Dataset items
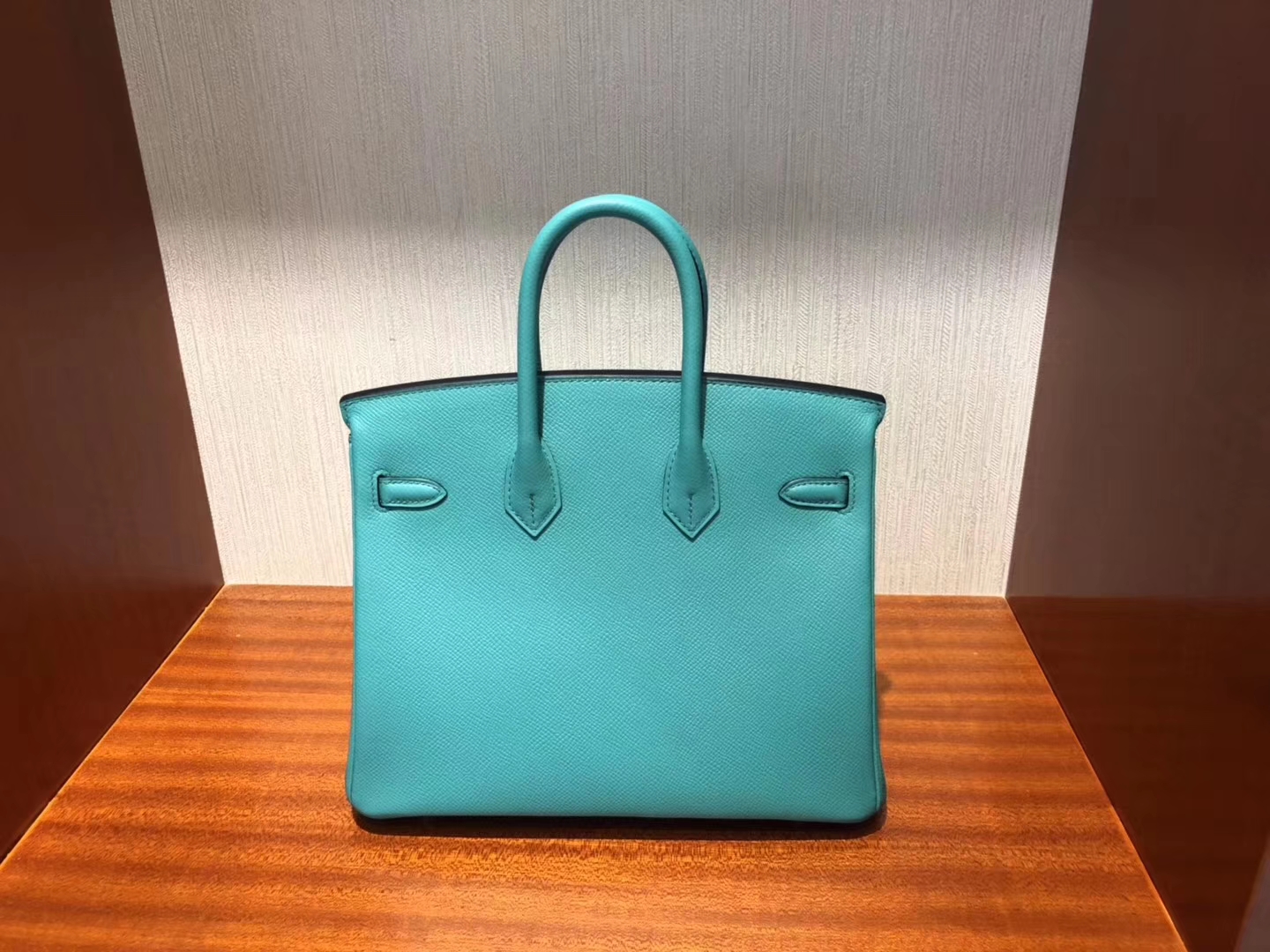 愛馬仕包包官網2019新綠色U1 Vertluo We verone 維羅斯納綠Hermes Birkin 25cm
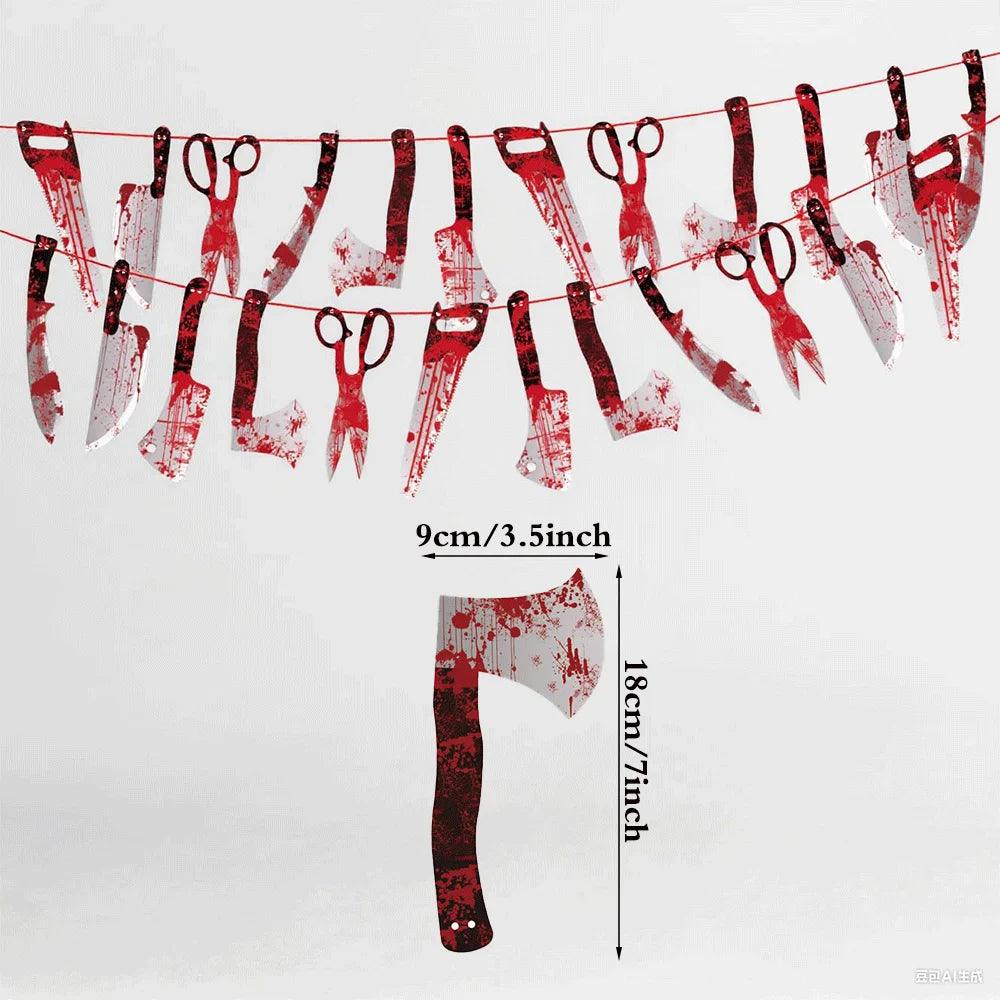 Halloween Banners | Blood Splatter 2-Pack | Toylandeu™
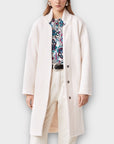Suncoo Eduna Wool Blend Coat - 6/8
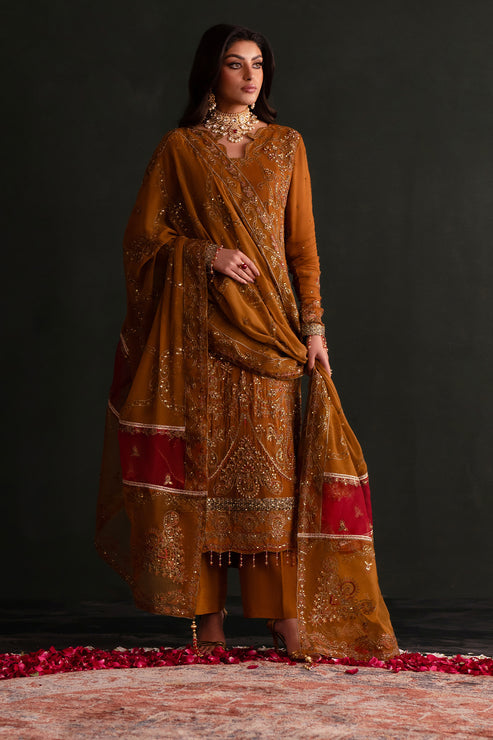 Emaan Adeel | Nooresha Formals 25 | Zarang -  Emaan Adeel Ladies Clothes - Original Designer Dress - House of Maryam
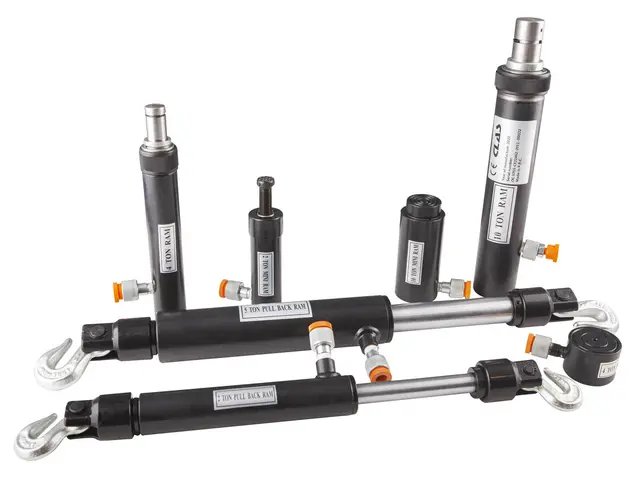 BODYWORK CYLINDER SET PUSHER/PULLER 1/4" Clas 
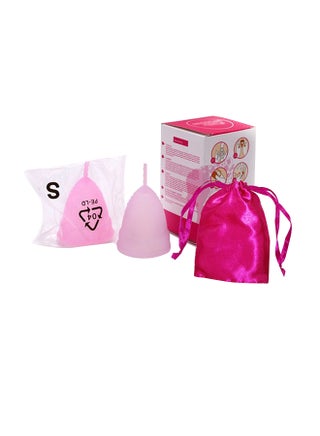Menstrual Cup Pink Large - v1591345517/N36601647A_1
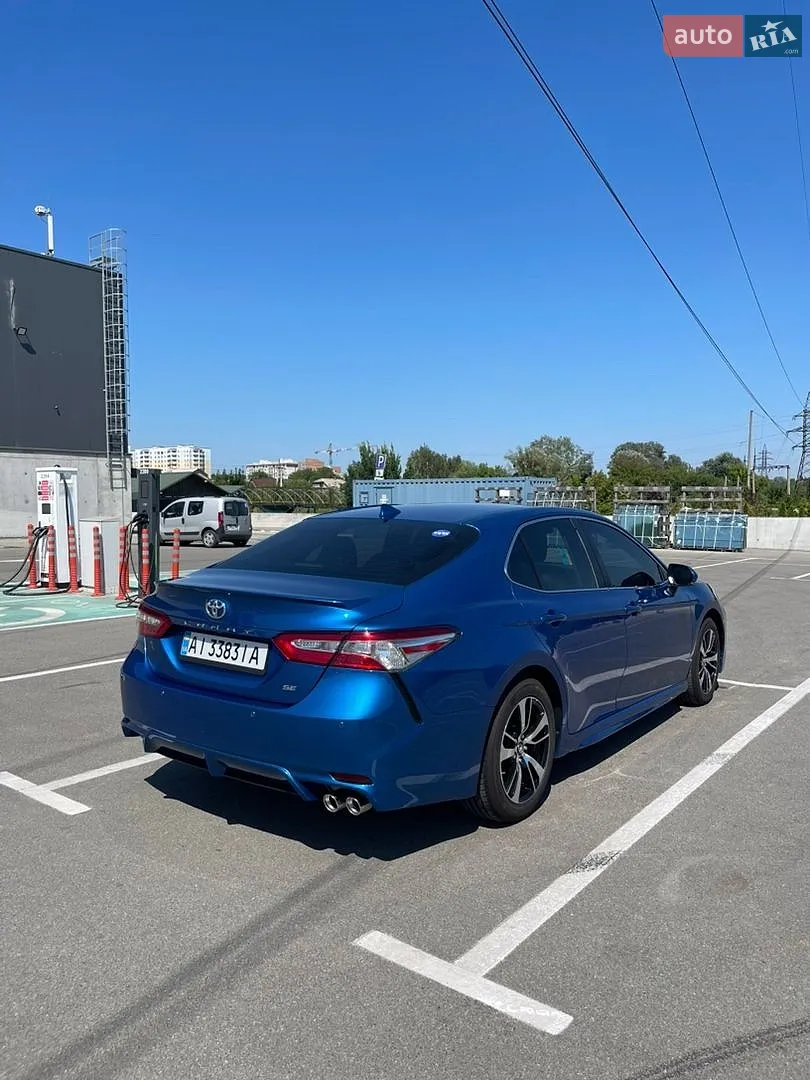 2019 Toyota Camry - мініатюра 5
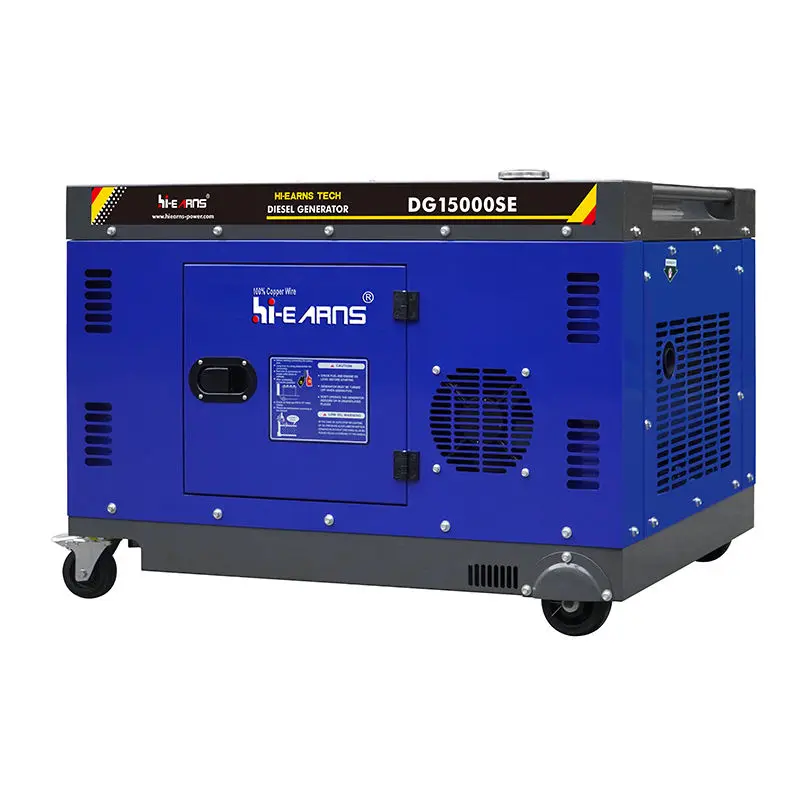 Hiearns 10kw 1 PSilent diesel Generator Suitable for Home — image 5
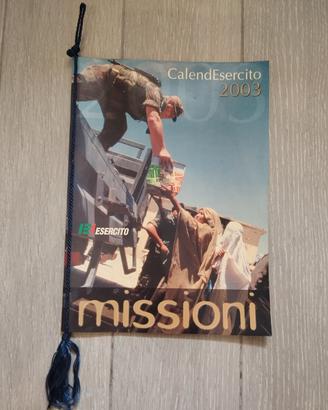 calendario esercito italiano 
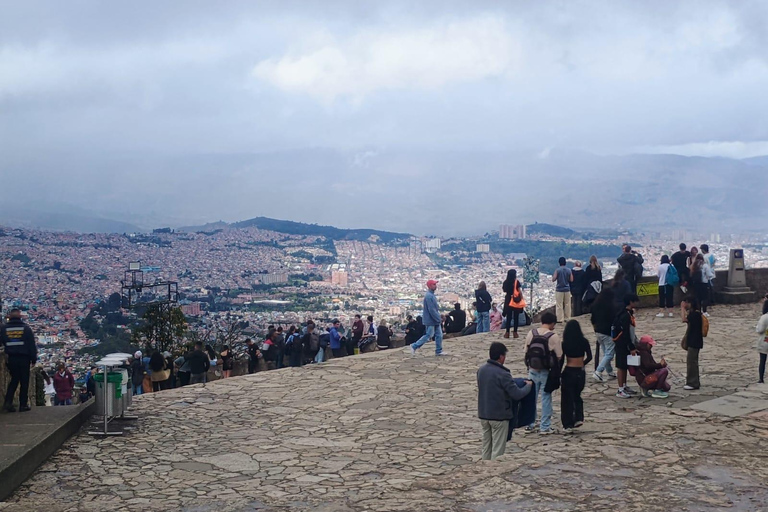 Monserrate and Candelaria Tour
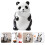 Keramik Gewürzmühle Für Mit Panda Design 6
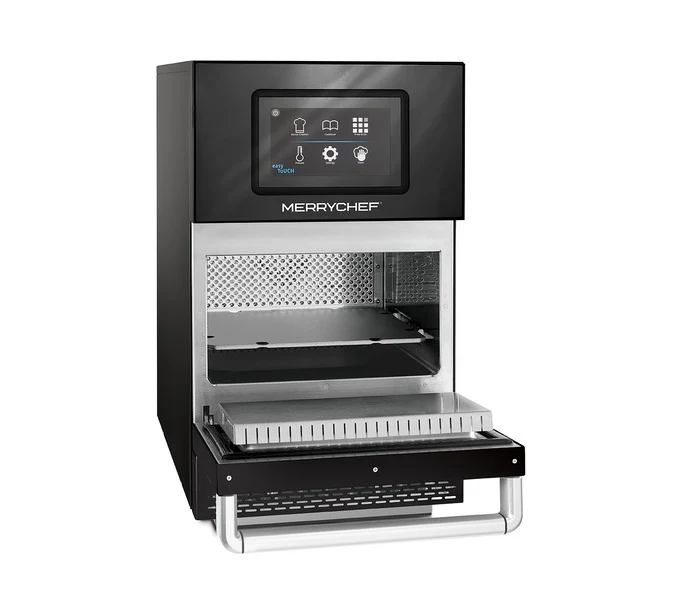 Merrychef conneX®12 - 230V - Variante Schwarz - Das kompakteste Schnellgarsystem für maximale Geschwindigkeit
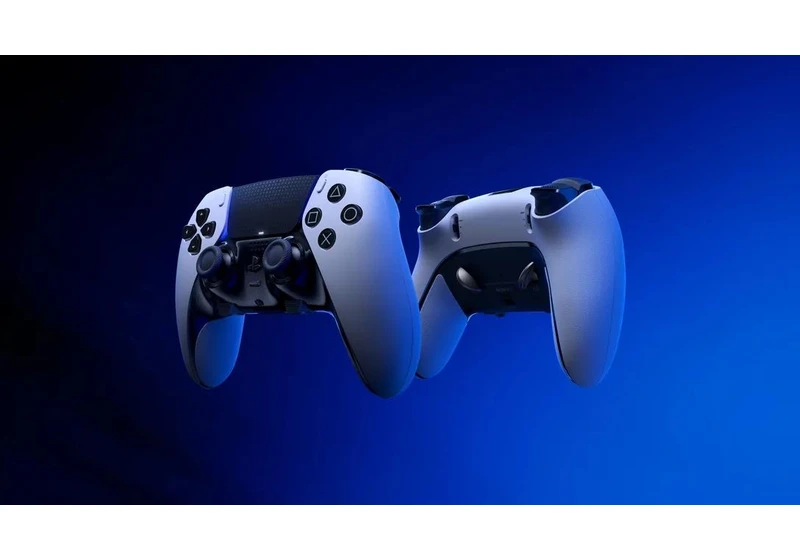  Sony is reportedly getting ready to release black versions of several PlayStation accessories, including the DualSense Edge controller, Pulse Elite, and Pulse Explore 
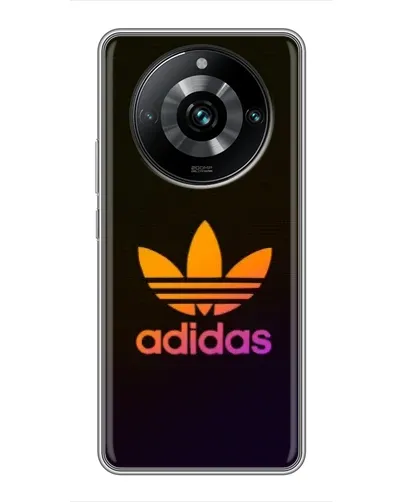 Чохол для Realme 11 Pro Plus з картинкою «Градієнт Adidas» Чохол для Realme 11 Pro Plus з картинкою «Градієнт Adidas»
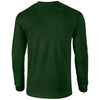 Gildan Men's Forest Ultra Cotton Long Sleeve T-Shirt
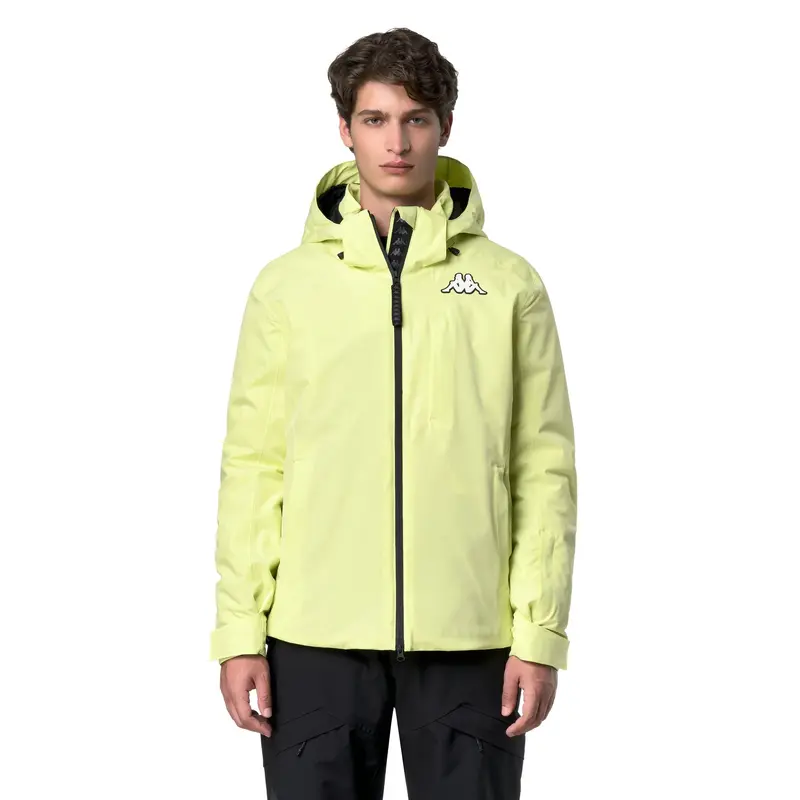 8CENTO 806 - Jackets - Mid - Man - Green Sunny Lime-Black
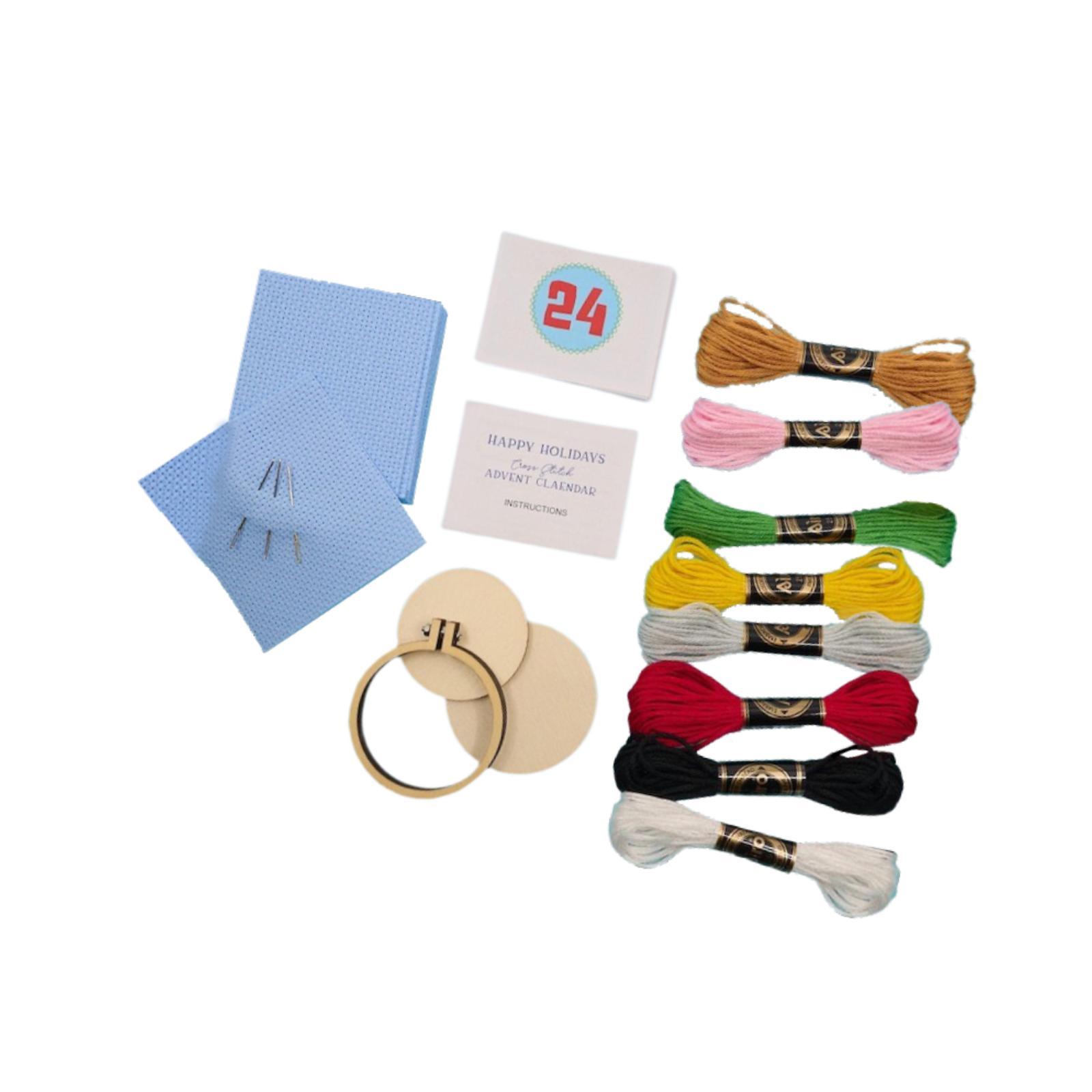 Christmas Advent Calendar,Xmas - Embroidery Xmas Kits recensie en prijs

Aim of the task
All lines from the start of the entries above through the line containing "Suncoo Eduna Wool Blend Coat - 6/8" are to be given again exactly; the pictures are not.

Response below
 愛馬仕包包官網2019新綠色U1 Vertluo We verone 維羅斯納綠Hermes Birkin 25cm
 Halloween Banners | Blood Splatter 2-Pack | Toylandeu™
Suncoo Eduna Wool Blend Coat - 6/8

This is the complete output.